As the scheduled start of the hearing approached, project opponents began a long procession into the chamber, a deafening drum accompaniment echoing through the building’s central atrium. Entire classes of students from a Hawaiian-language immersion school paraded in, many of them holding aloft their hands strung with a cat’s-cradle of red cord forming triangles to represent the mountain.

Several of the Hawaiian petitioners sprinkled seawater around the board members seated at the council dais, a ceremony intended to purify the site and remove harmful influences.

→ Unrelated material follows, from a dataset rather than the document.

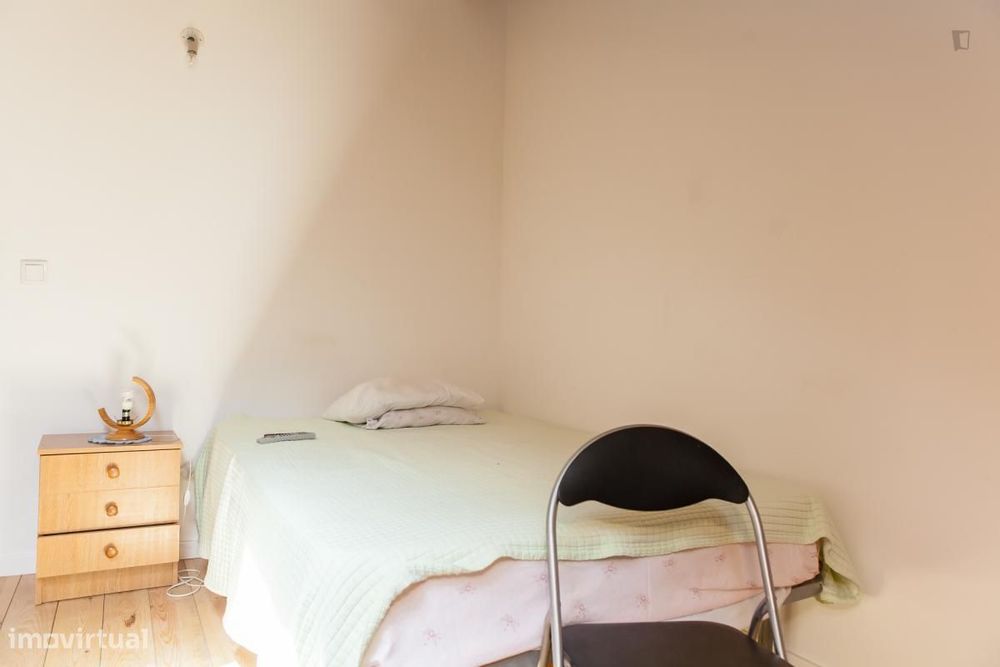 Quarto - localizado em Baixa Coimbra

Once the hearing began, only those who had been officially admitted as parties to the contested case were allowed to address members of the Board of Land and Natural Resources. It was their approval of the permit almost exactly two years earlier that was the subject of the contested case hearing, and on this day, the petitioners as well as the applicant would be given a chance to tell the board directly what they thought of the recommended findings of the hearing officer.

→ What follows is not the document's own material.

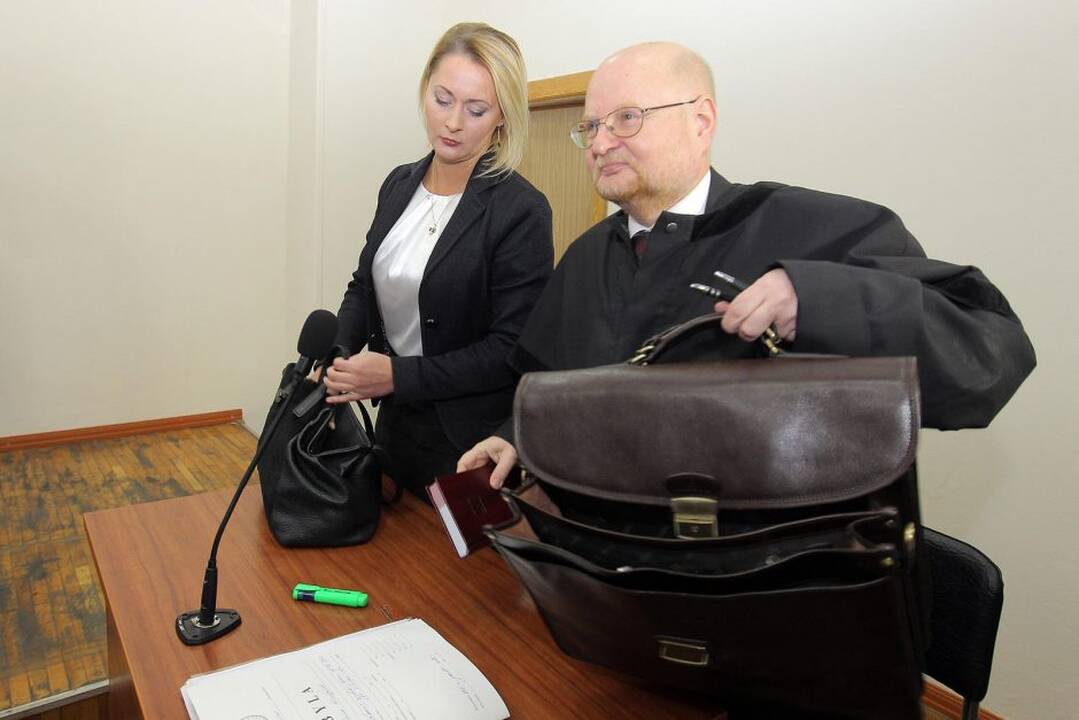 Pradėta nagrinėti byla dėl buvusios NŽT vadovės D.Gineikaitės padarytos avarijos.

Notwithstanding the theatrical demonstrations, and with the exception of an outburst from Abel Lui, a Hawaiian evicted from county land after years of litigation, the arguments of proponents as well as opponents shed no new light on the issues at the heart of the dispute. They did, however, give board members some idea of just how high passions ran.

Exactly two months later, on April 12, the Land Board met again to decide the matter. No pomp or theater this time. No chants, no sign-waving, no buttons or cat’s cradles. Not even an audience.

And, just as they did two years earlier, the six board members, including chairman William Aila and Sam Gon (both respected Hawaiian cultural practitioners), unanimously approved the permit allowing construction of the $1.3 billion telescope. More precisely, they approved hearing officer Paul Aoki’s proposed findings of fact, conclusions of law, and decision and order practically as he had submitted it last November.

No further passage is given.